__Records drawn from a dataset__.

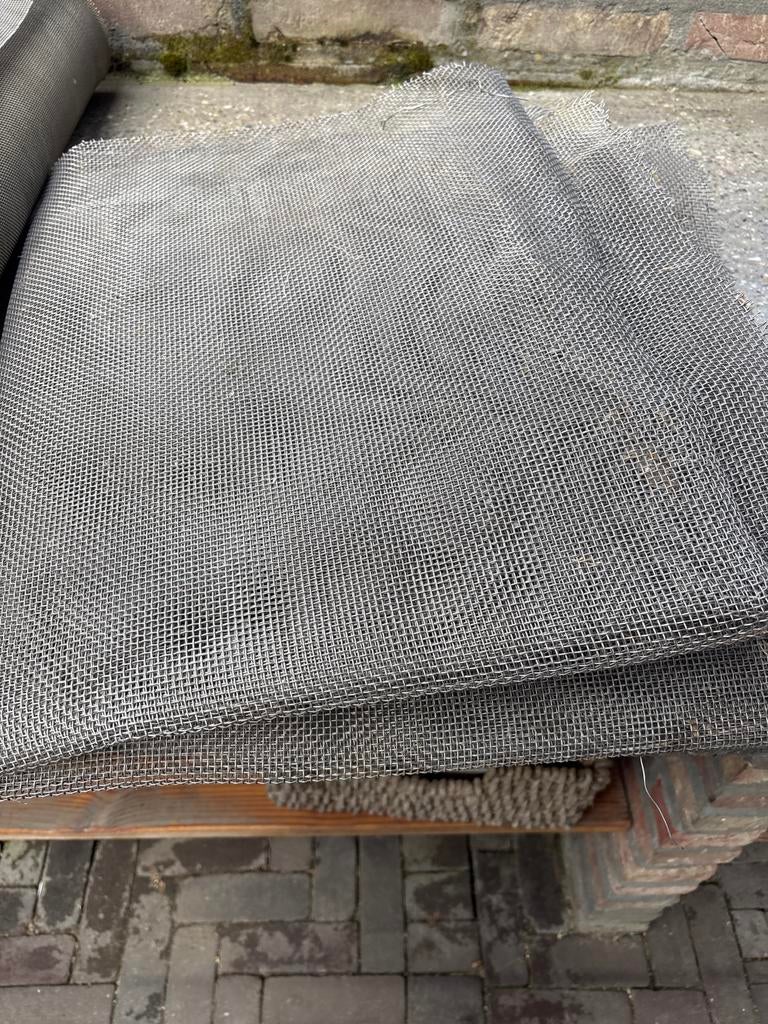 Fijnmazig rvs gaas, ideaal voor diverse toepassingen, Tuin en Terras, Gaas en Draad, Ophalen, Nieuw, Minder dan 10 meter, Gaas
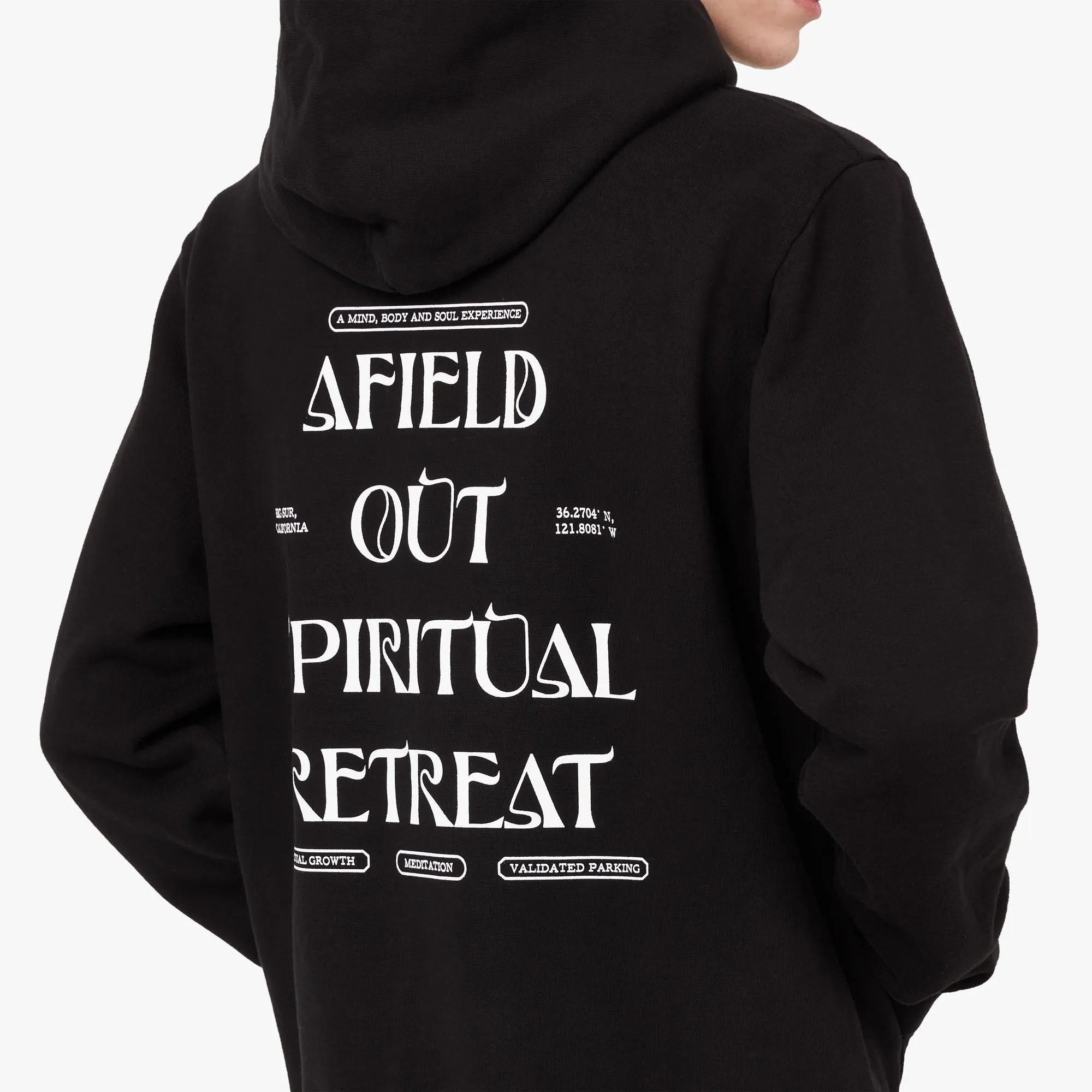 afield out Retreat Pullover Hoodie / Black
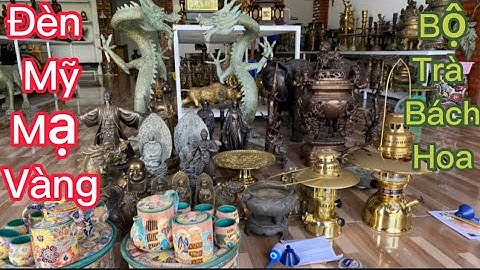 🔴🔴Đèn Mang Xong Mạ Vàng _ Lư Đồng Trúc _ Khuôn Bánh Bông Lang Xưa. Ngày 3/4. #đồcổcầnthơ #đồcổ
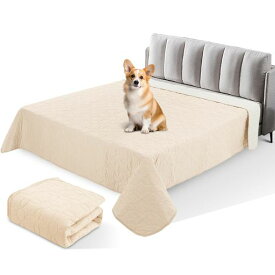 LOOBANI防水シーツペット漏れ防止防水シーツシングルダブルベッド犬猫用防水カバーベッド両面使用ソファー防水ベッドカバー家具全方位保護噛み耐性速乾消臭防ダニ制菌おねしょシーツ…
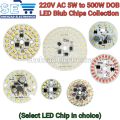 4/10PCS 5W 7W 12W 15W 18W 24W 50W LED Bulb Lamp Chip White Warm RGB Red Blue Green AC 220V. 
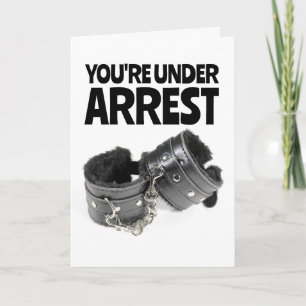 HANDCUFFS KINKY ROMANTIC FOR WIFE GREETING CARD KORT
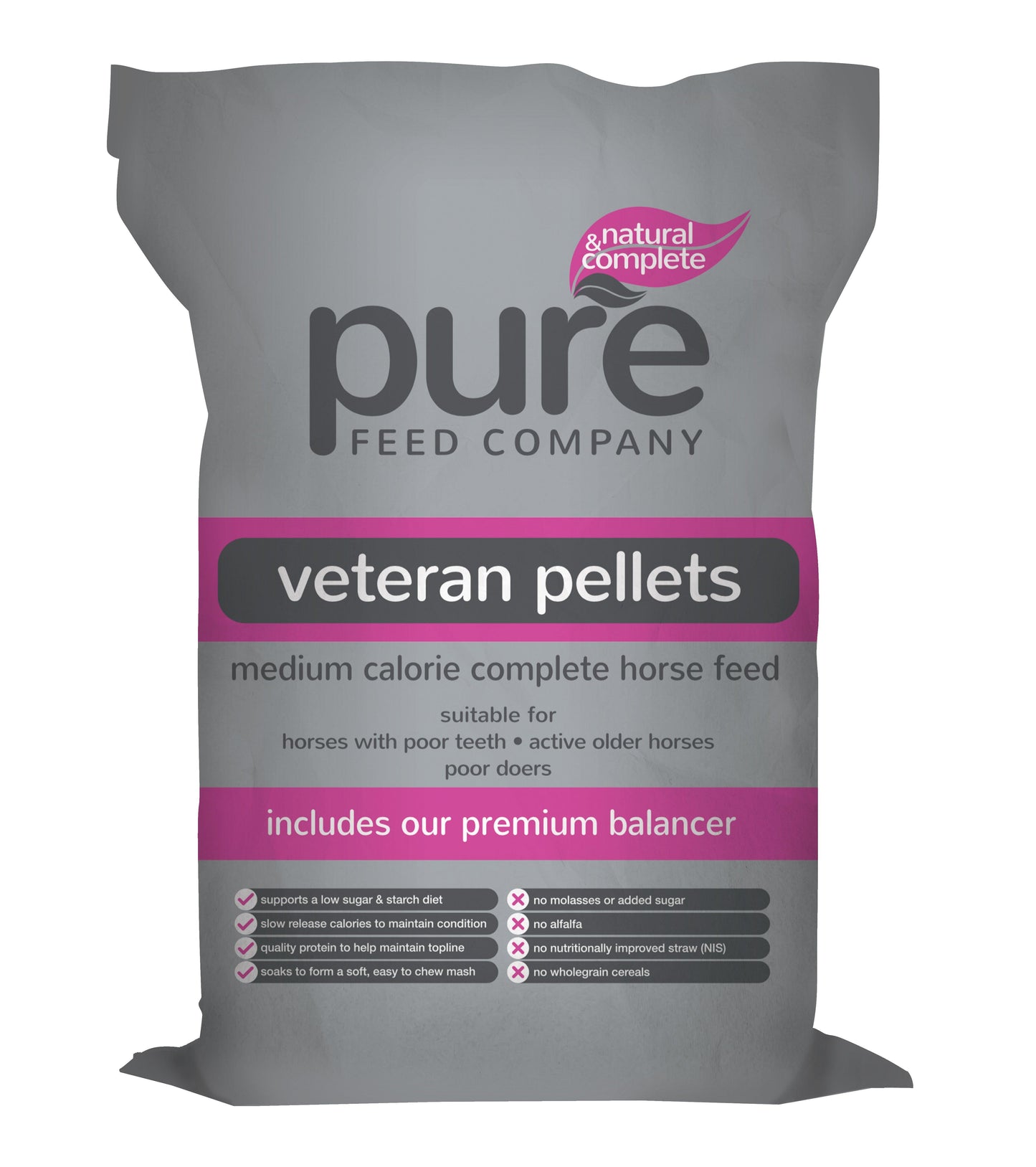 Pure Feed Pure Veteran Pellets - North East Pet Shop Pure Feed Company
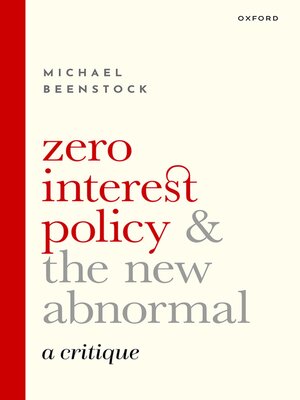 cover image of Zero Interest Policy and the New Abnormal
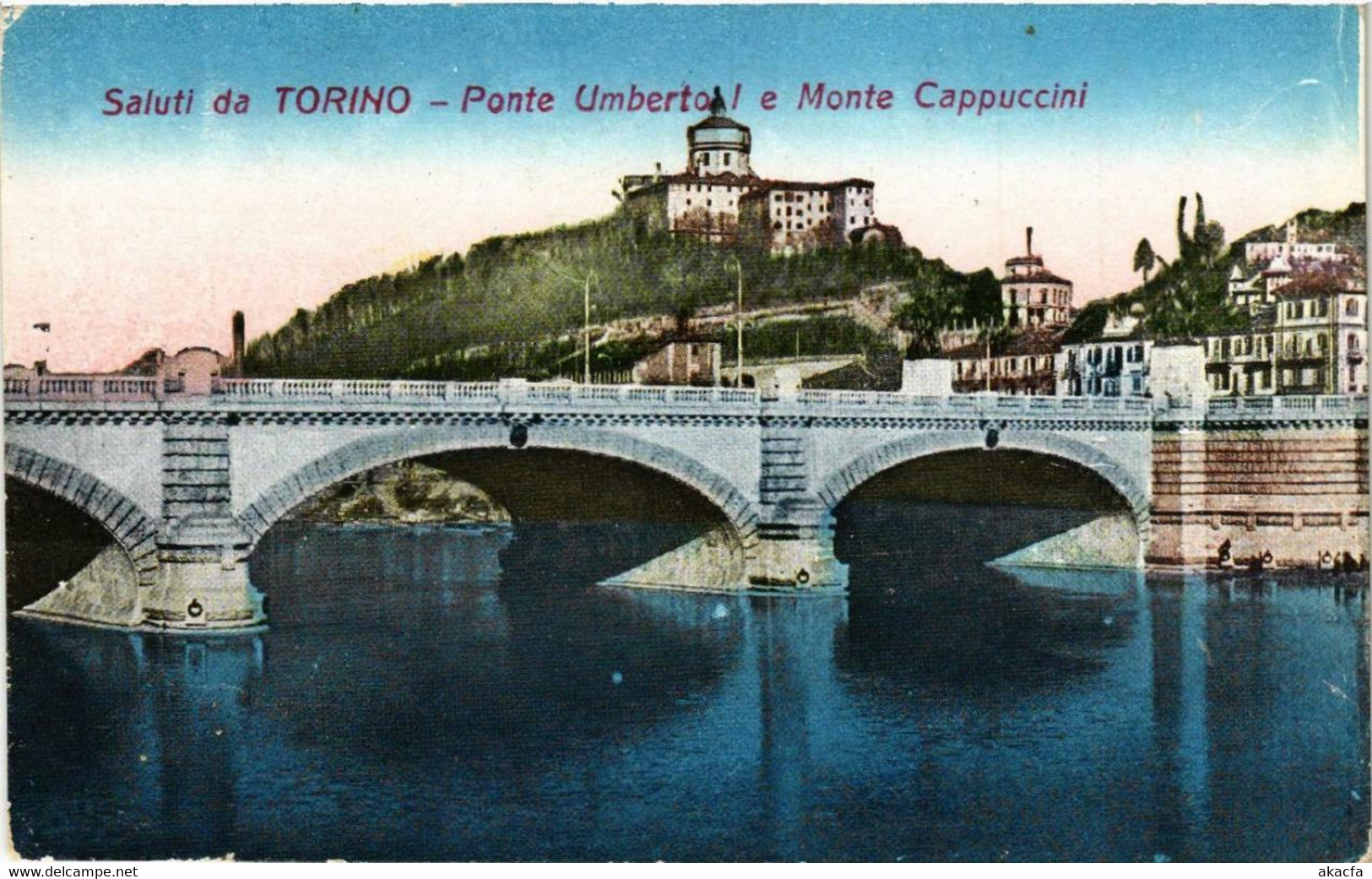 CPA AK TORINO Ponte Umberto I E Monte Cappuccini ITALY (542319) - Ponts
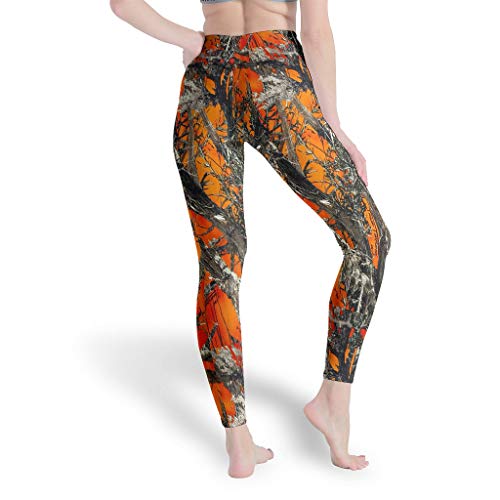 Tiger - Mallas de yoga para mujer, cintura alta, elásticas, opacas, para yoga, para mujer, para exterior, fitness, color blanco, talla 4XL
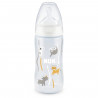 NUK Biberon Serenity+ - Col large - Contrôle de température - 300 ml - 0-6 mois - Koala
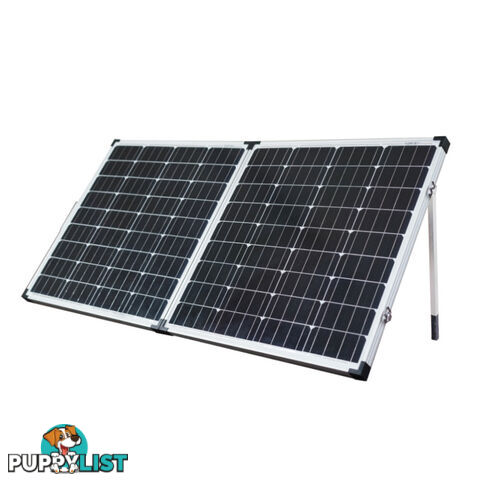 12V 160W Solar Folding Panel Kit Caravan Boat Camping Power Mono Charging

__WORK TO COMPLETE__. Lines from the one containing "NUK Biberon Serenity+" through the final line of the entries above are to be retyped exactly, with every picture left out.

__RESULT OF THIS EXERCISE__.
 NUK Biberon Serenity+ - Col large - Contrôle de température - 300 ml - 0-6 mois - Koala
 12V 160W Solar Folding Panel Kit Caravan Boat Camping Power Mono Charging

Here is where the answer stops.